### Problem to work on
Because the images are not wanted, restate every line below word for word without them.

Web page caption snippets
═══
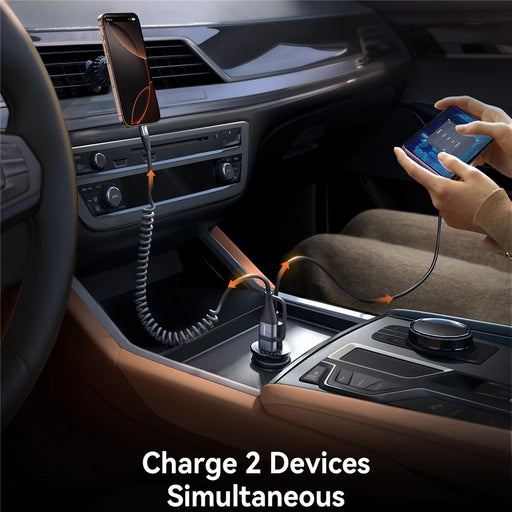 JOYROOM JR-CCN16 Mini 15W Car Charger Adapter USB-A+Type-C Dual USB Port Charger - 2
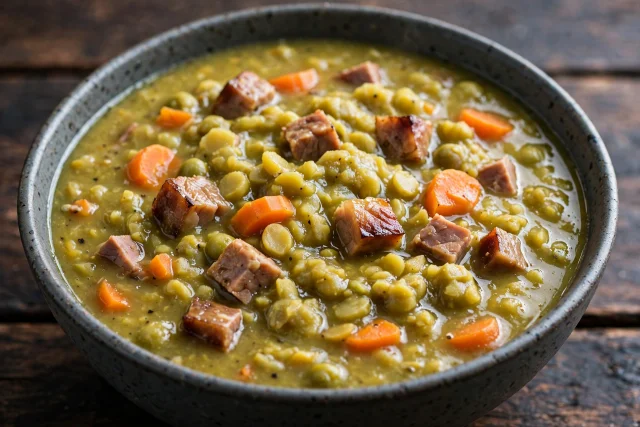 Split pea and ham soup with diced ham and carrots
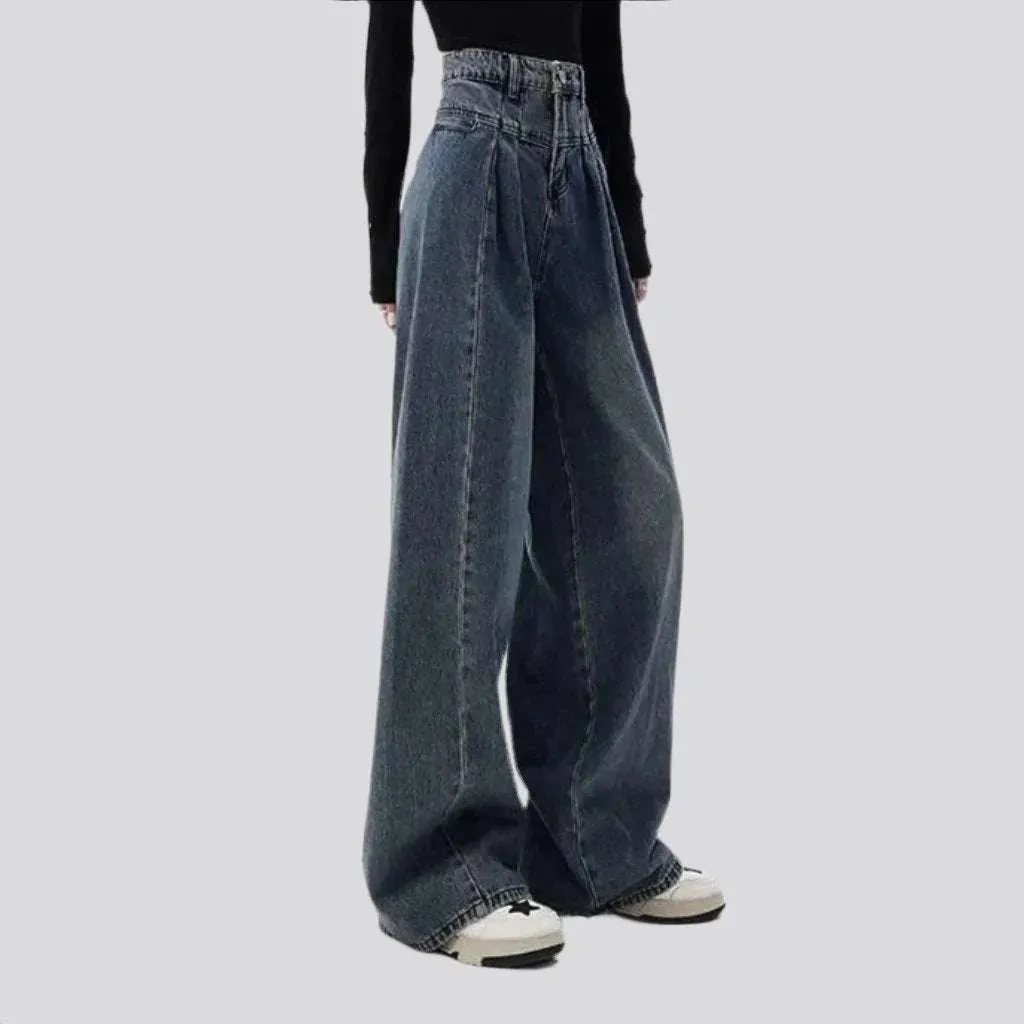 Pleated waistline fashion jeans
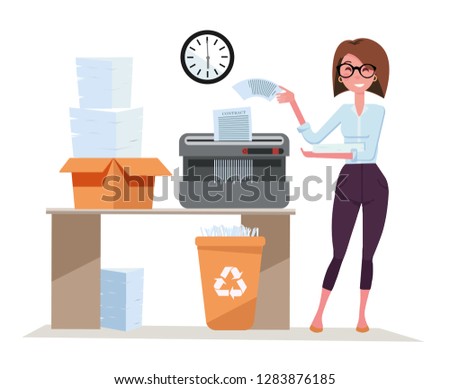 Girl office worker works with Shredder, terminates a pack of documents. Compact shredder stands on the table with a box of stacked sheets of paper. Flat cartoon vector illustration on white background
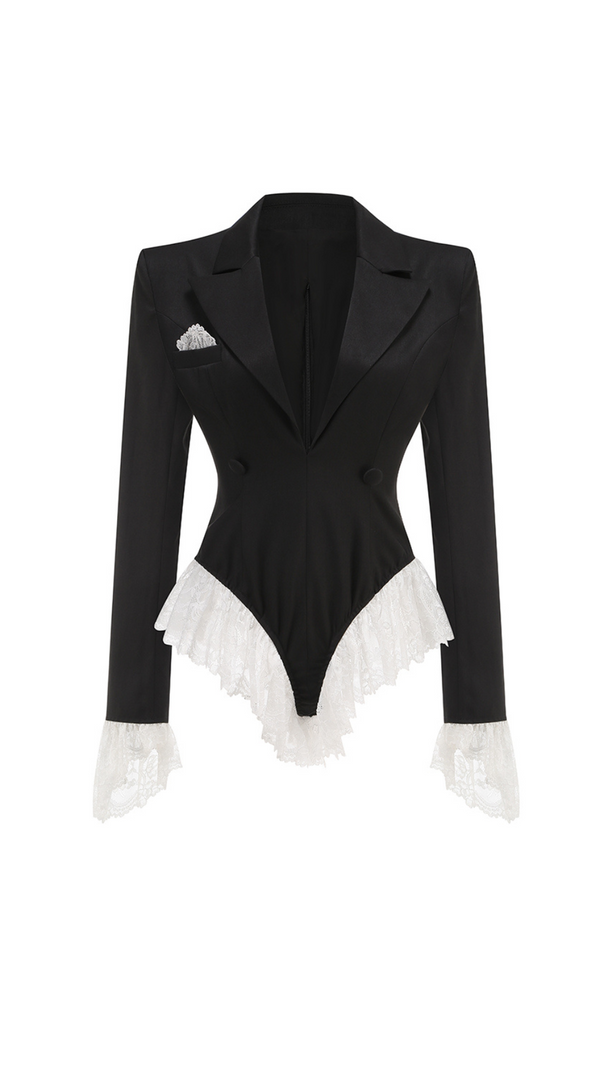 AIIZIE V-NECK LACE-EMBELLISHED JUMPSUIT BLAZER IN BLACK - product image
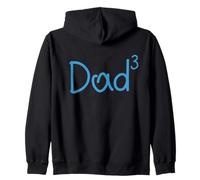 Dad Of Three Kids 3 Father Day Third Child Papa Daddy Zip Hoodie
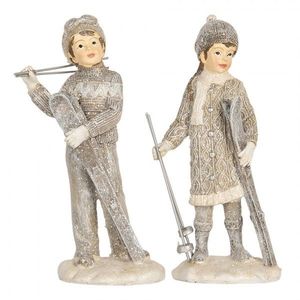 Šedá dekorace dívka a chlapec s lyžemi - 8*7*15 cm 6PR5921 obraz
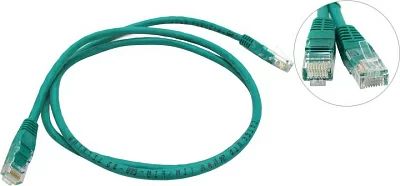 Кабель Patch Cord  UTP кат.5e 1м зелёный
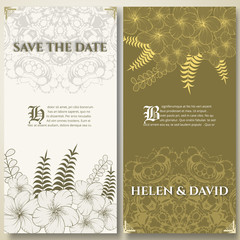 Obraz premium Set wedding cards. on decorated mandala and wreath background. template , gift certificate, party invitation, congratulation. save the date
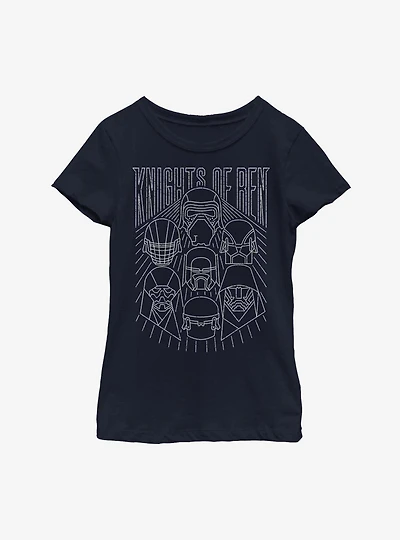 Star Wars Episode IX The Rise Of Skywalker Simple Outlines Youth Girls T-Shirt
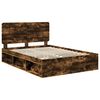 vidaXL Bed Frame Smoked Oak 140 x 190 cm Solid Pine Wood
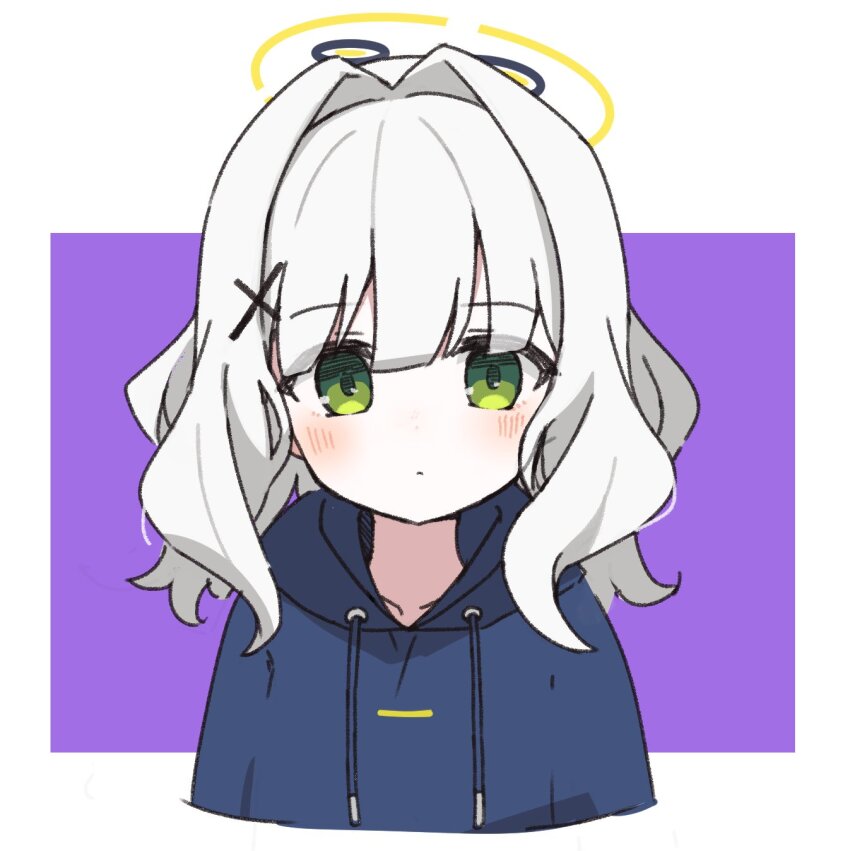 1girl, aki_inu, blue_archive, blue_hoodie, blunt_bangs, blush, border, closed_mouth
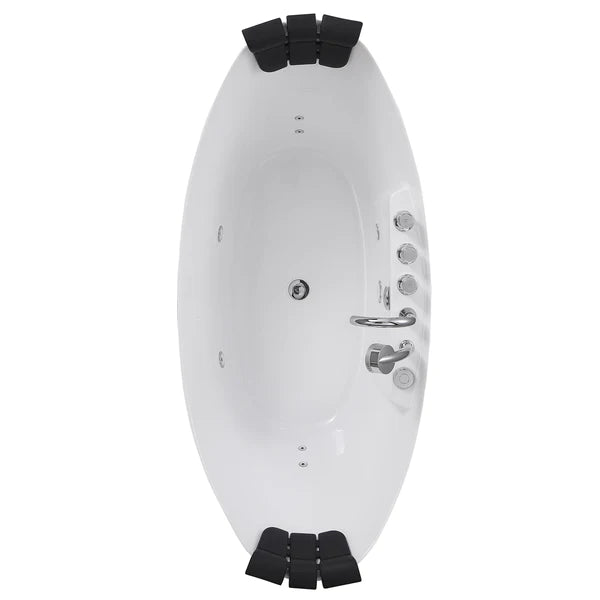 Empava 67 Inch Freestanding Jetted Bathtub - White Acrylic Soaking Tub with Massage Jets (Model 67AIS10) | Perfect for Luxury Bathrooms & Spa Relaxation at Home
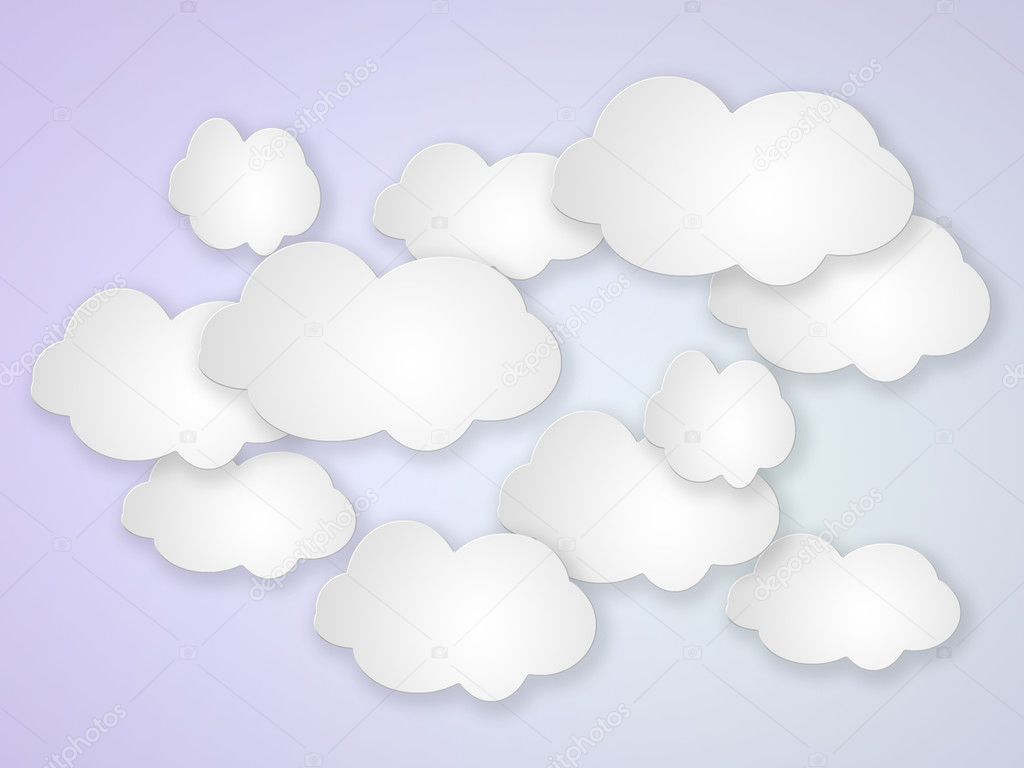 Abstract speech bubbles in the shape of clouds.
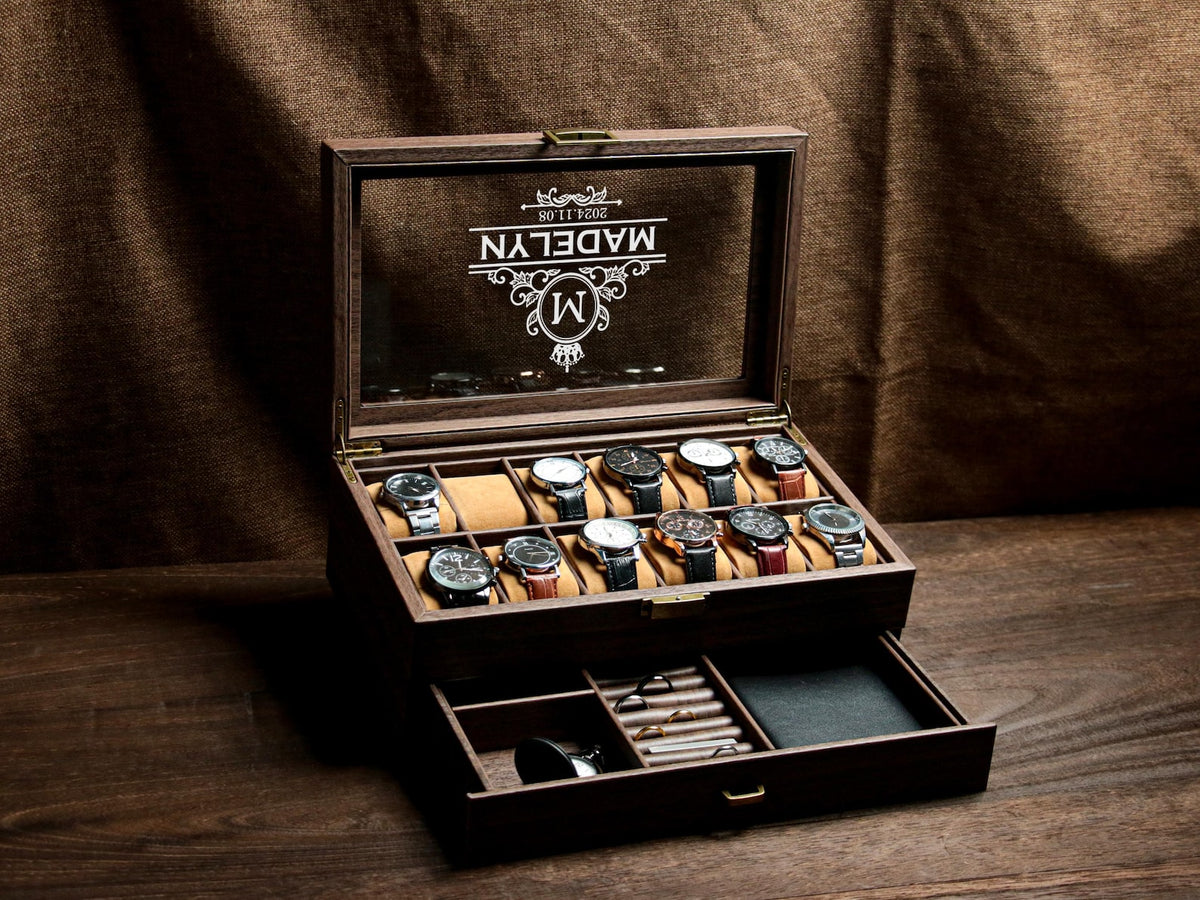 Personalized 12 slots Wooden watch box, Engraved Watch Holder, custom engraved watch case , watch storage for men , watch display case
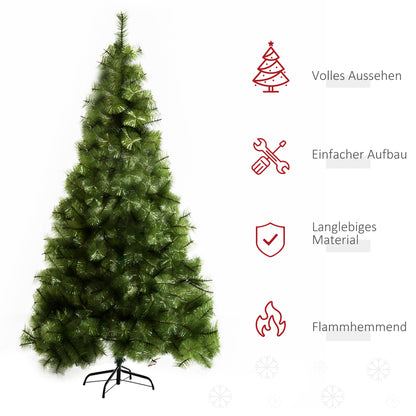 HOMCOM Künstlicher Weihnachtsbaum 210 cm künstlich Tannenbaum mit 505 Spitzen Christbaum Weihnachtsdeko inkl. Metallständer für drinnen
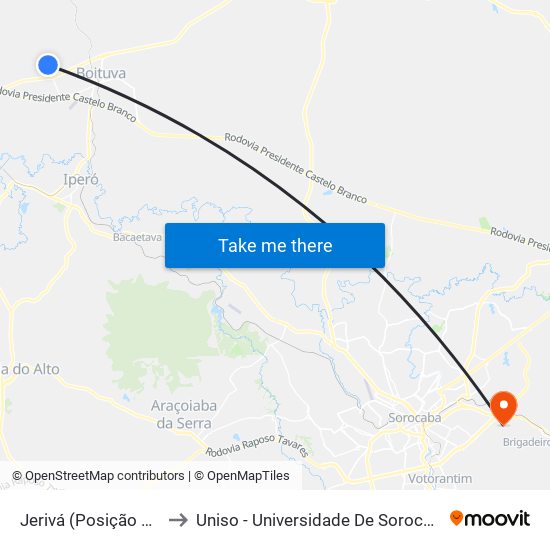 Jerivá (Posição Desconhecida) to Uniso - Universidade De Sorocaba Cidade Universitária map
═══
### Exercise output
 JOYROOM JR-CCN16 Mini 15W Car Charger Adapter USB-A+Type-C Dual USB Port Charger - 2
 Split pea and ham soup with diced ham and carrots
 Pleated waistline fashion jeans
 Girl office worker works with Shredder, terminates a pack of documents. Compact shredder stands on the table with a box of stacked sheets of paper. Flat cartoon vector illustration on white background
 AIIZIE V-NECK LACE-EMBELLISHED JUMPSUIT BLAZER IN BLACK - product image
 Dad Of Three Kids 3 Father Day Third Child Papa Daddy Zip Hoodie
 Šedá dekorace dívka a chlapec s lyžemi - 8*7*15 cm 6PR5921 obraz
 Кабель Patch Cord  UTP кат.5e 1м зелёный
 Obraz premium Set wedding cards. on decorated mandala and wreath background. template , gift certificate, party invitation, congratulation. save the date
 Star Wars Episode IX The Rise Of Skywalker Simple Outlines Youth Girls T-Shirt
 vidaXL Bed Frame Smoked Oak 140 x 190 cm Solid Pine Wood
 1girl, aki_inu, blue_archive, blue_hoodie, blunt_bangs, blush, border, closed_mouth
 Empava 67 Inch Freestanding Jetted Bathtub - White Acrylic Soaking Tub with Massage Jets (Model 67AIS10) | Perfect for Luxury Bathrooms & Spa Relaxation at Home
 Abstract speech bubbles in the shape of clouds.
 Personalized 12 slots Wooden watch box, Engraved Watch Holder, custom engraved watch case , watch storage for men , watch display case
 HOMCOM Künstlicher Weihnachtsbaum 210 cm künstlich Tannenbaum mit 505 Spitzen Christbaum Weihnachtsdeko inkl. Metallständer für drinnen
 Jerivá (Posição Desconhecida) to Uniso - Universidade De Sorocaba Cidade Universitária map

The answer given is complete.